* _Try it_
Give back all of the data exactly as it stands, with the pictures removed.

Data excerpts:

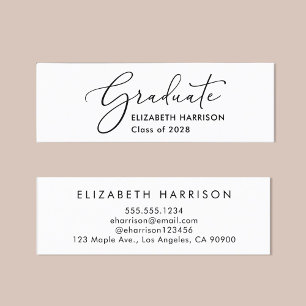 Carte De Visite Mini Nom élégant de la graduation de script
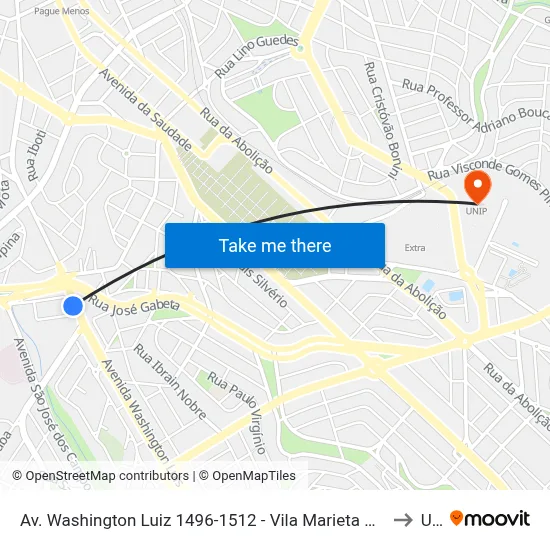 Av. Washington Luiz 1496-1512 - Vila Marieta Campinas - SP 13042-105 Brasil to Unip map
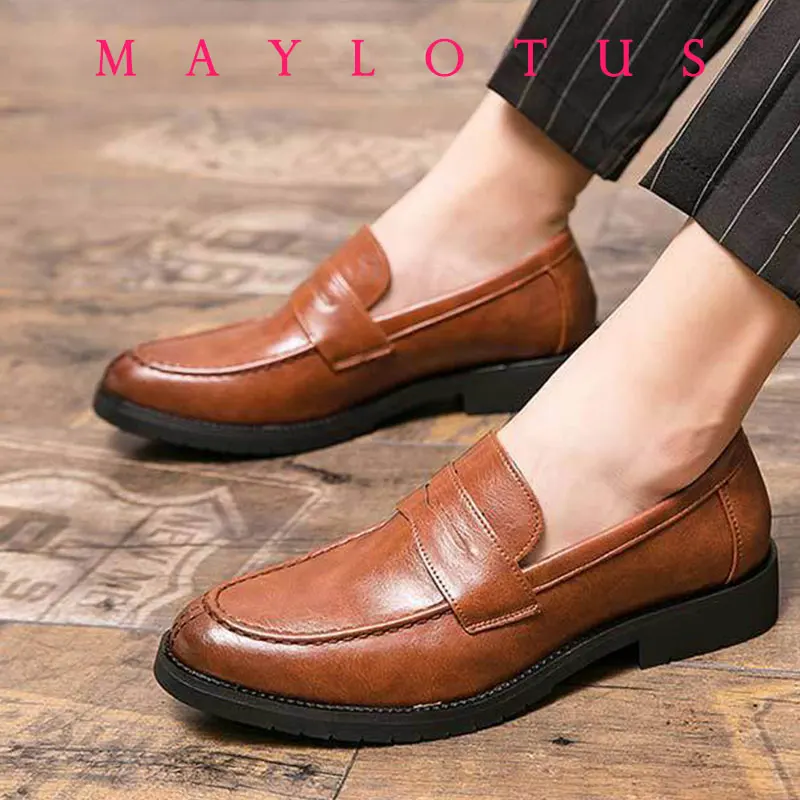 

Platform New Men's Dress Leather Shoes High Classic Comfortable Round Toe Lace-up Business Shoes Fashion Casual Wedding Party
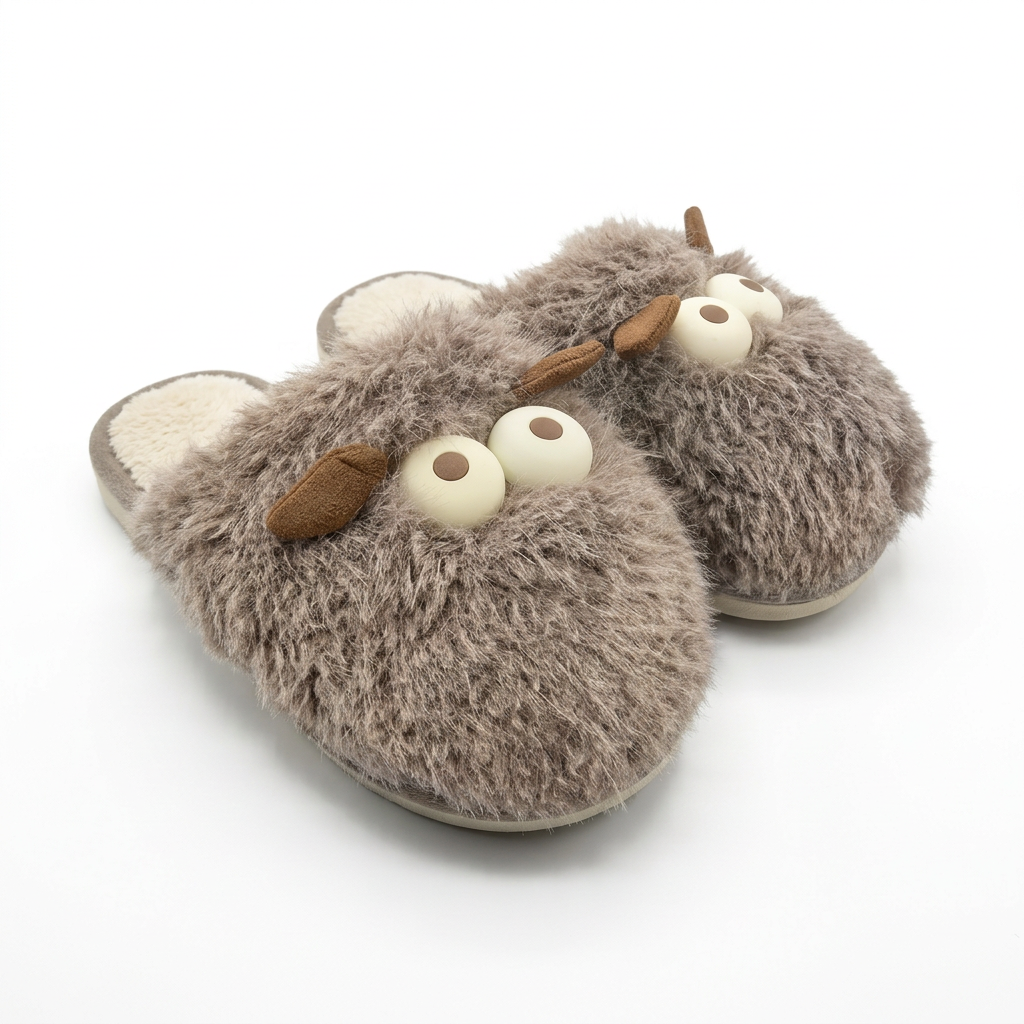 Googly Eyes Fuzzy Slippers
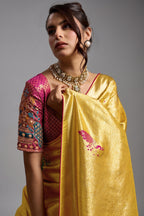 Imperial Yellow Gold Jacquard Art Silk Saree with Peacock Meenakari Motifs Border & Pallu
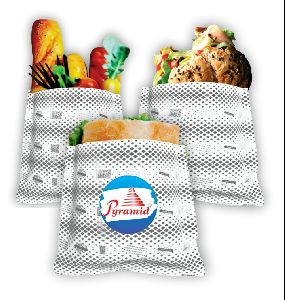 Pyramid Food Pouches, 100 Pcs, 6.25 X 8.5 Inches size, Pack Food Items like Roti, Paratha, Sandwich, Burger, Food Grade, Heat Sealable using Ho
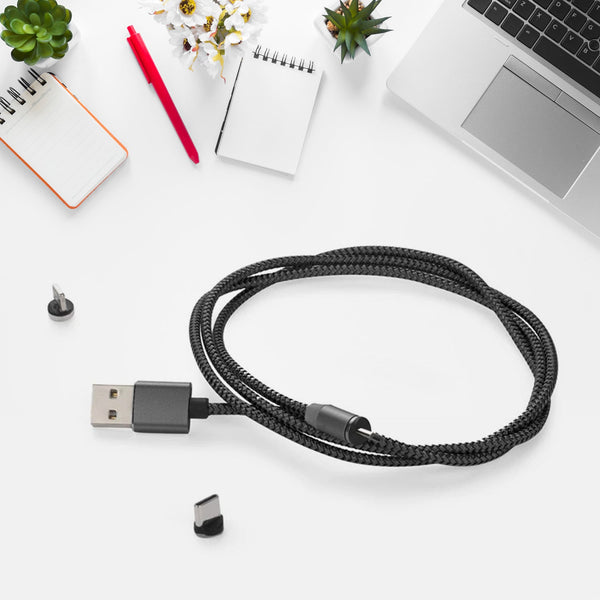 Magnetic Charging Cable 3 in 1 Metal Magnetic Micro USB Type C Lighting Cable with LED, Multiple Charging Adapters for All Android and all Smartphones  (Compatible with All Android and iPhone Smartphones, Tablet, PC, Mobile - Goyaldeal.com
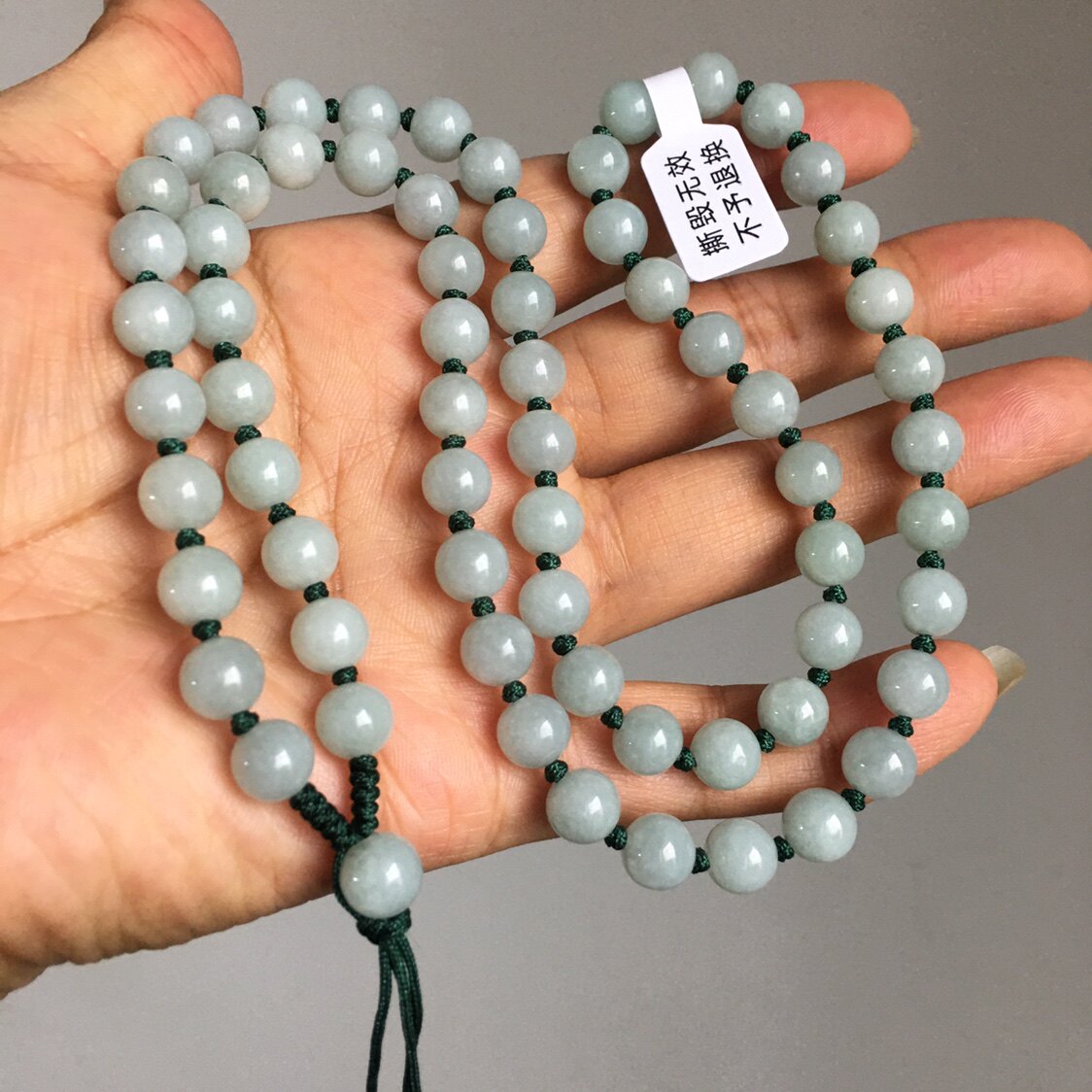 天然翡翠A货满豆青色圆珠路路通珠链淡绿吊坠挂绳链卡7.5mm圆珠链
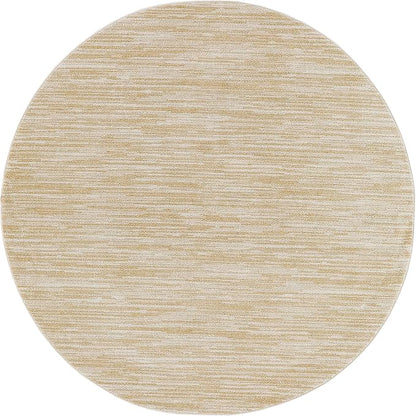 Nourison Home Nourison Essentials Ivory Gold 4' x Round Area Rug - Easy Clean, Non Shedding, Bed Room, Living Room, Dining Room, Kitchen (4' x Round)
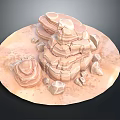 Wood And Stone Decorative Structure With Stacked Design Circular Base And Natural Texture 3d model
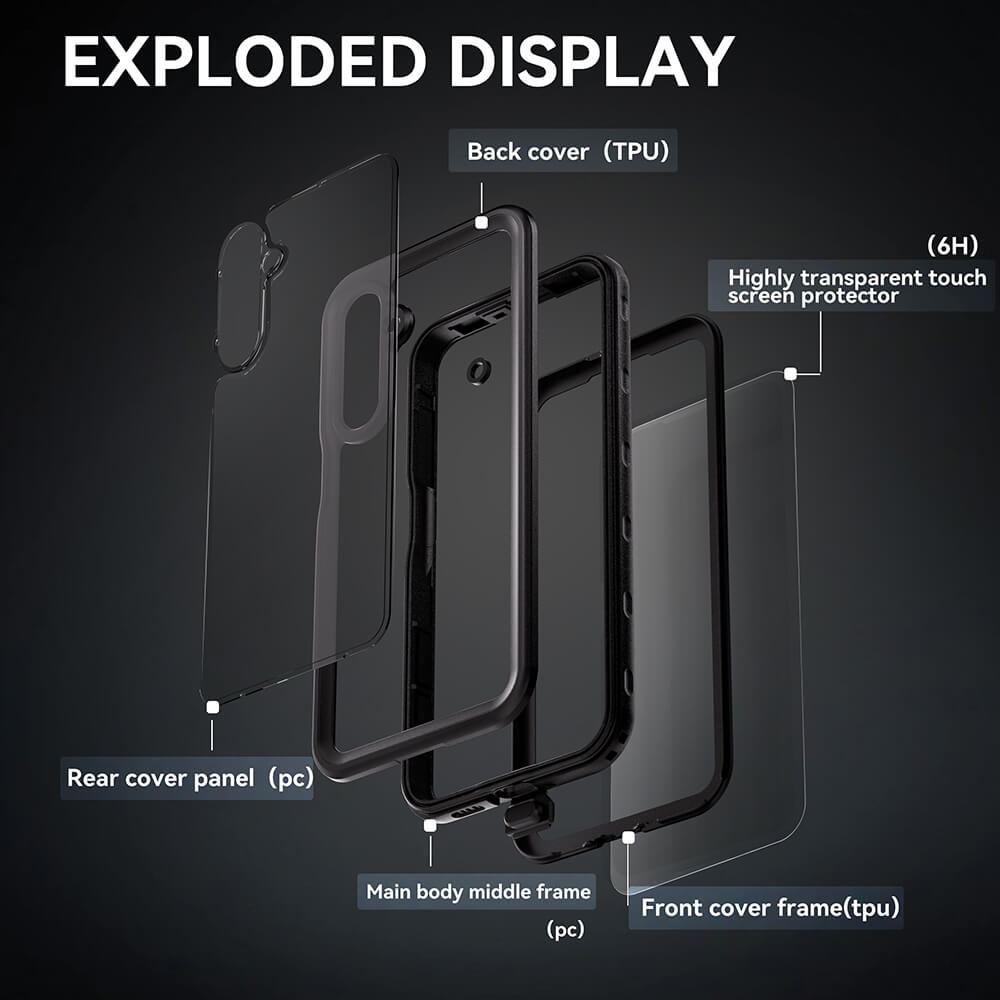 ShellBox Samsung Galaxy A16 4G / A16 5G - Αδιάβροχη Θήκη IP68 - Black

* _Exercise response_
 Carte De Visite Mini Nom élégant de la graduation de script
 Av. Washington Luiz 1496-1512 - Vila Marieta Campinas - SP 13042-105 Brasil to Unip map

Platform New Men's Dress Leather Shoes High Classic Comfortable Round Toe Lace-up Business Shoes Fashion Casual Wedding Party
 Googly Eyes Fuzzy Slippers
 Imperial Yellow Gold Jacquard Art Silk Saree with Peacock Meenakari Motifs Border & Pallu
 Pyramid Food Pouches, 100 Pcs, 6.25 X 8.5 Inches size, Pack Food Items like Roti, Paratha, Sandwich, Burger, Food Grade, Heat Sealable using Ho
 Magnetic Charging Cable 3 in 1 Metal Magnetic Micro USB Type C Lighting Cable with LED, Multiple Charging Adapters for All Android and all Smartphones  (Compatible with All Android and iPhone Smartphones, Tablet, PC, Mobile - Goyaldeal.com
 天然翡翠A货满豆青色圆珠路路通珠链淡绿吊坠挂绳链卡7.5mm圆珠链
 Nourison Home Nourison Essentials Ivory Gold 4' x Round Area Rug - Easy Clean, Non Shedding, Bed Room, Living Room, Dining Room, Kitchen (4' x Round)
 Wood And Stone Decorative Structure With Stacked Design Circular Base And Natural Texture 3d model
 ShellBox Samsung Galaxy A16 4G / A16 5G - Αδιάβροχη Θήκη IP68 - Black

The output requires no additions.